(Your objective) From the records below, please print only the lines from the one containing "Detail close-up of" through the one containing "Technical architecture diagram", both included. Skip the pictures.

Supplied information: Begin

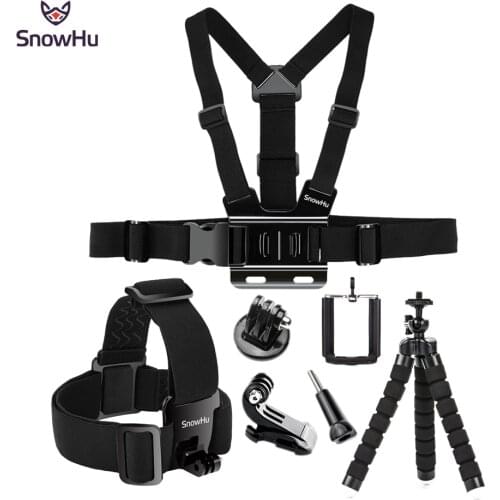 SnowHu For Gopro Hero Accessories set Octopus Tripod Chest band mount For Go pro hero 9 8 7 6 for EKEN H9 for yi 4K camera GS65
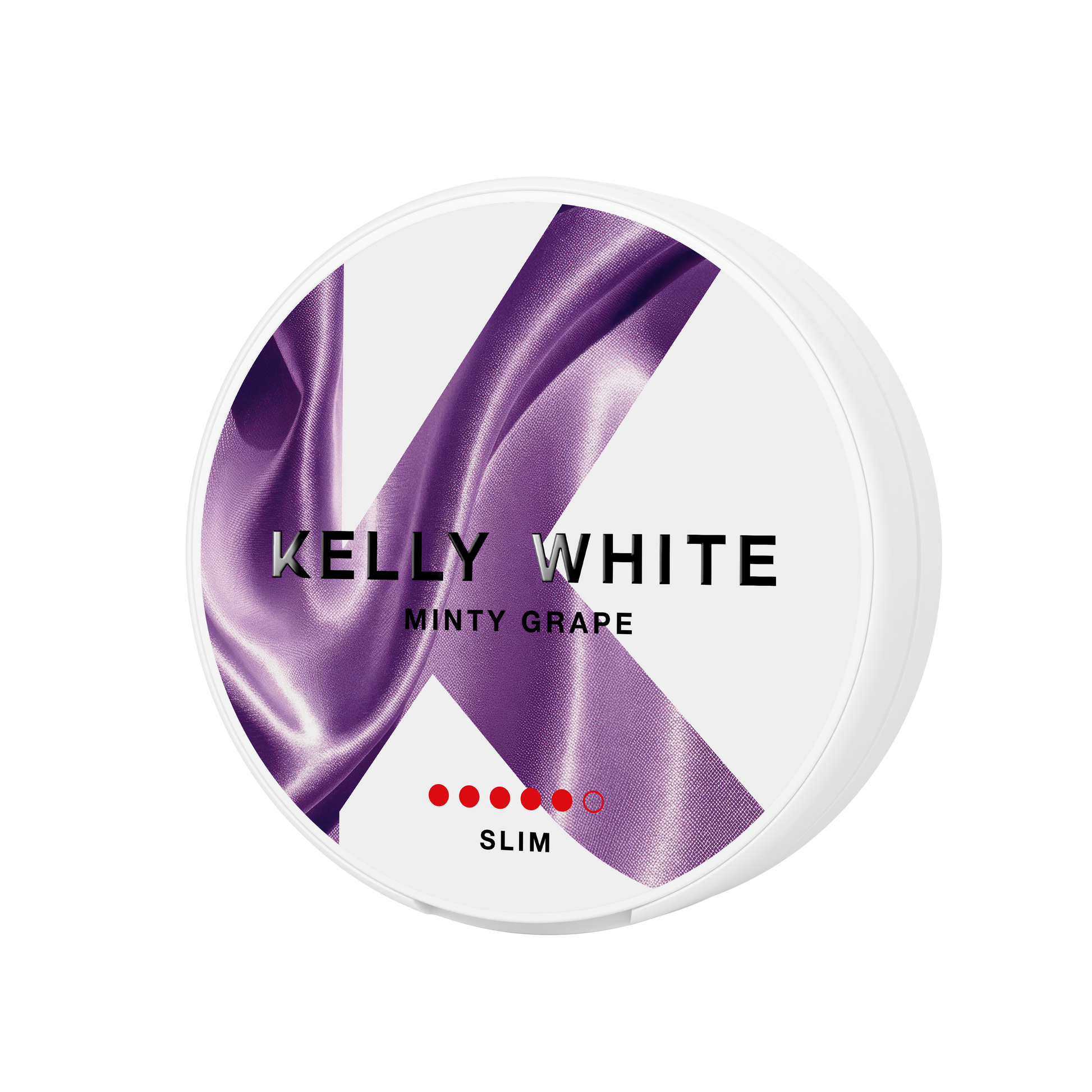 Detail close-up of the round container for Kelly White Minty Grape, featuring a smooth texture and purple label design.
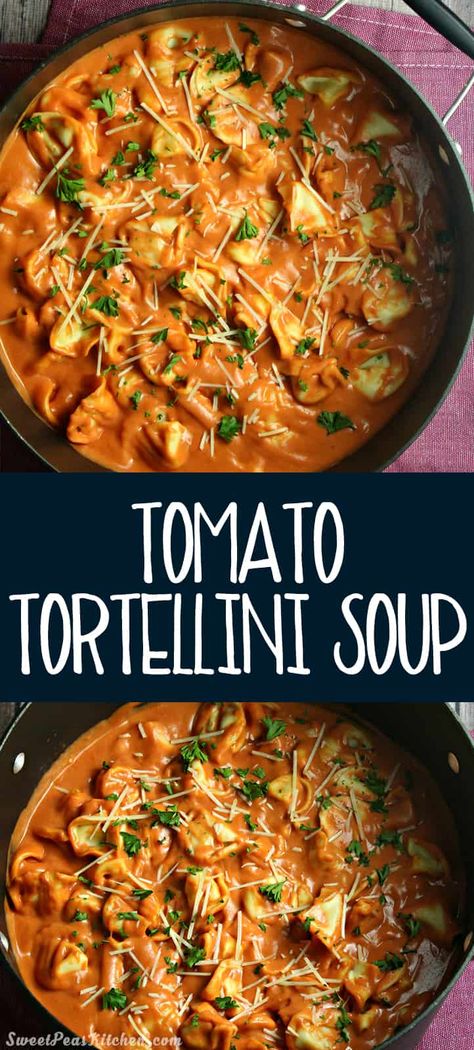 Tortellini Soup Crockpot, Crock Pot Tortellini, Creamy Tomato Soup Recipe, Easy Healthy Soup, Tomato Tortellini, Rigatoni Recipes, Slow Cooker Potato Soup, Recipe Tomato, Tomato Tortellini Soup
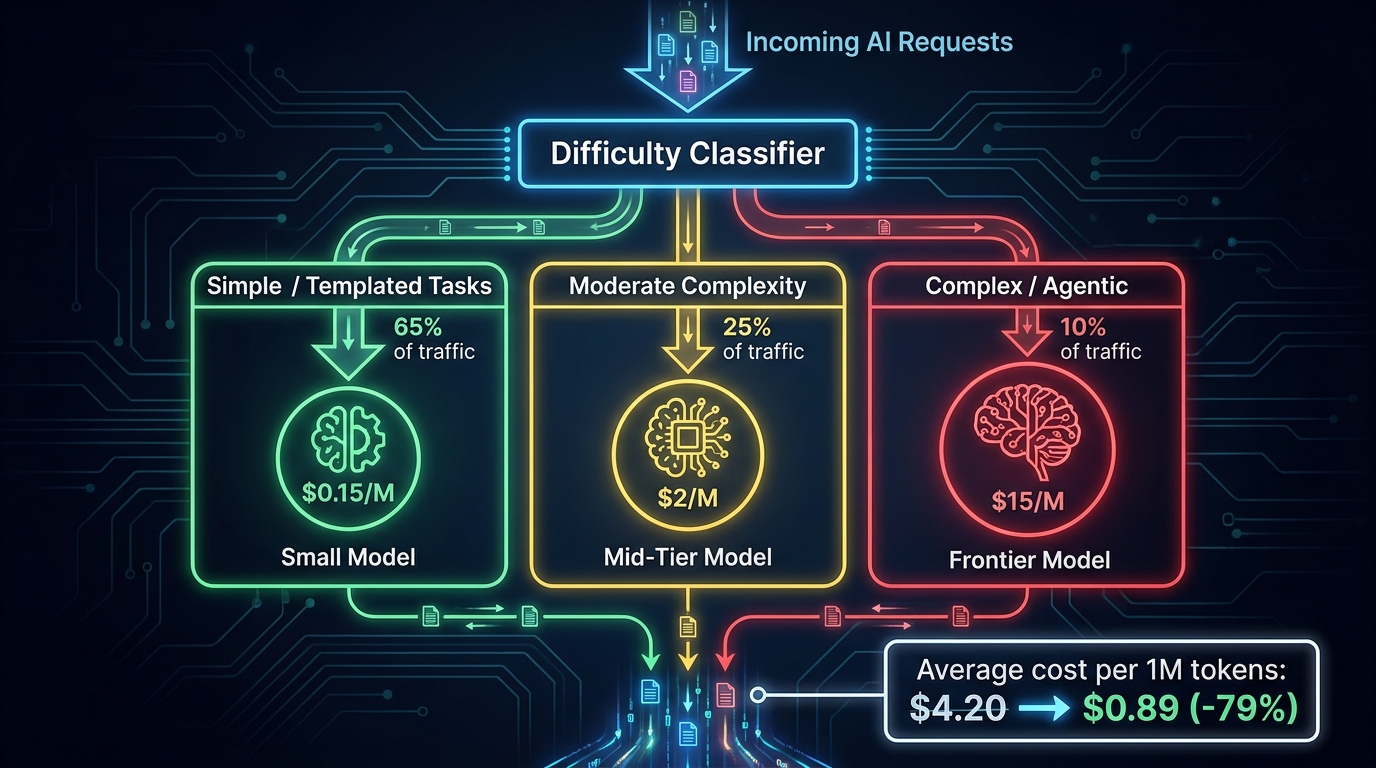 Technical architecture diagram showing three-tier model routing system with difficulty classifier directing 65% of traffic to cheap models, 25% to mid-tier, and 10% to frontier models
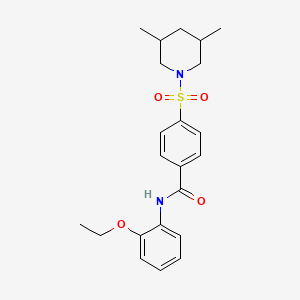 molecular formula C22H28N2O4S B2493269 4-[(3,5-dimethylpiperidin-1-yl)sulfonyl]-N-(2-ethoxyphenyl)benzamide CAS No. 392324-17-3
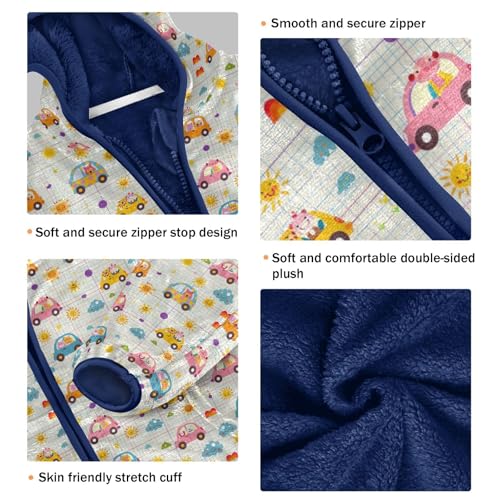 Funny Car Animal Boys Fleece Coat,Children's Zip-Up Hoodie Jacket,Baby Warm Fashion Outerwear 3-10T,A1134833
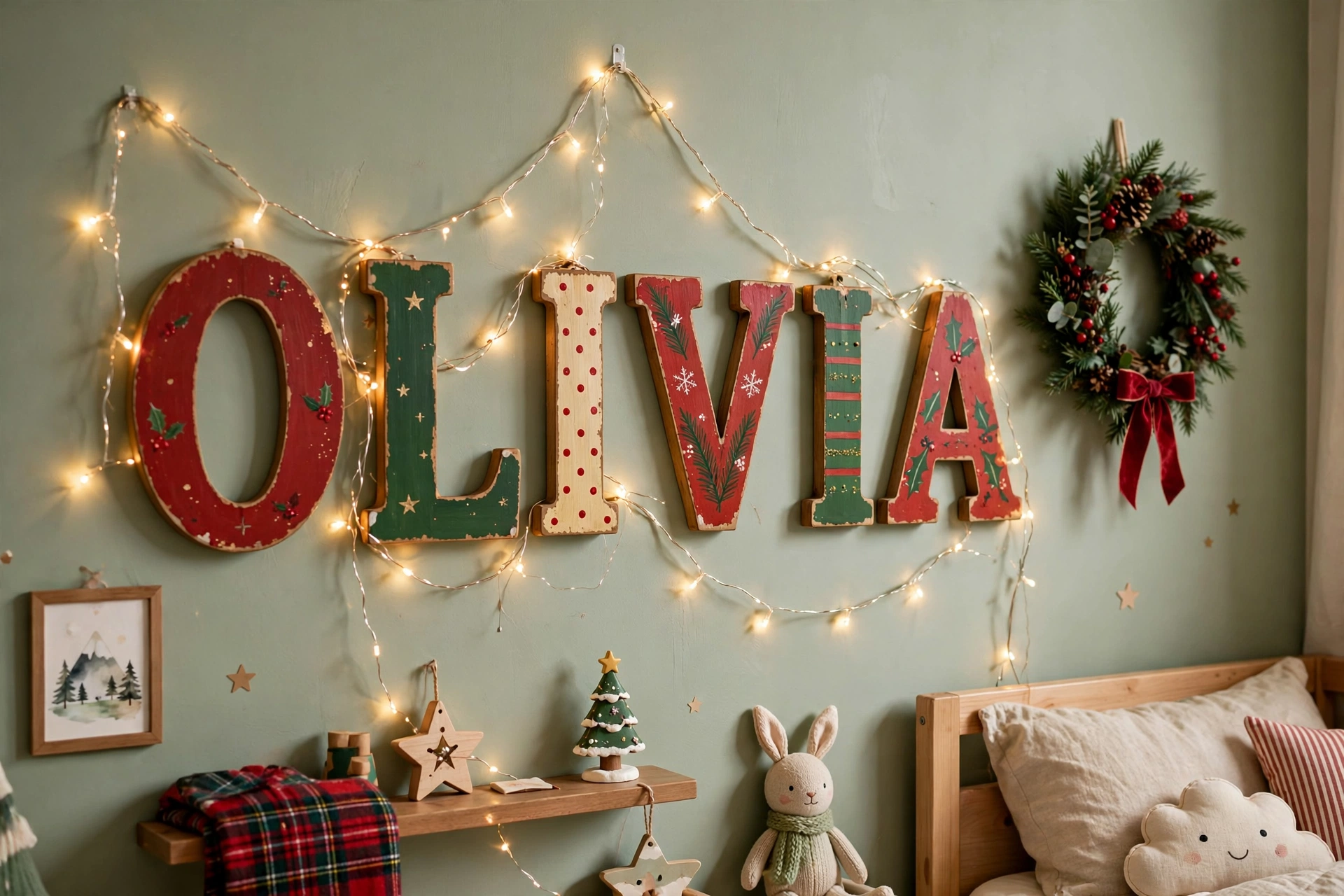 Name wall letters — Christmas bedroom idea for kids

Supplied information: End

(Task result)
 Detail close-up of the round container for Kelly White Minty Grape, featuring a smooth texture and purple label design.
 Tortellini Soup Crockpot, Crock Pot Tortellini, Creamy Tomato Soup Recipe, Easy Healthy Soup, Tomato Tortellini, Rigatoni Recipes, Slow Cooker Potato Soup, Recipe Tomato, Tomato Tortellini Soup
 Technical architecture diagram showing three-tier model routing system with difficulty classifier directing 65% of traffic to cheap models, 25% to mid-tier, and 10% to frontier models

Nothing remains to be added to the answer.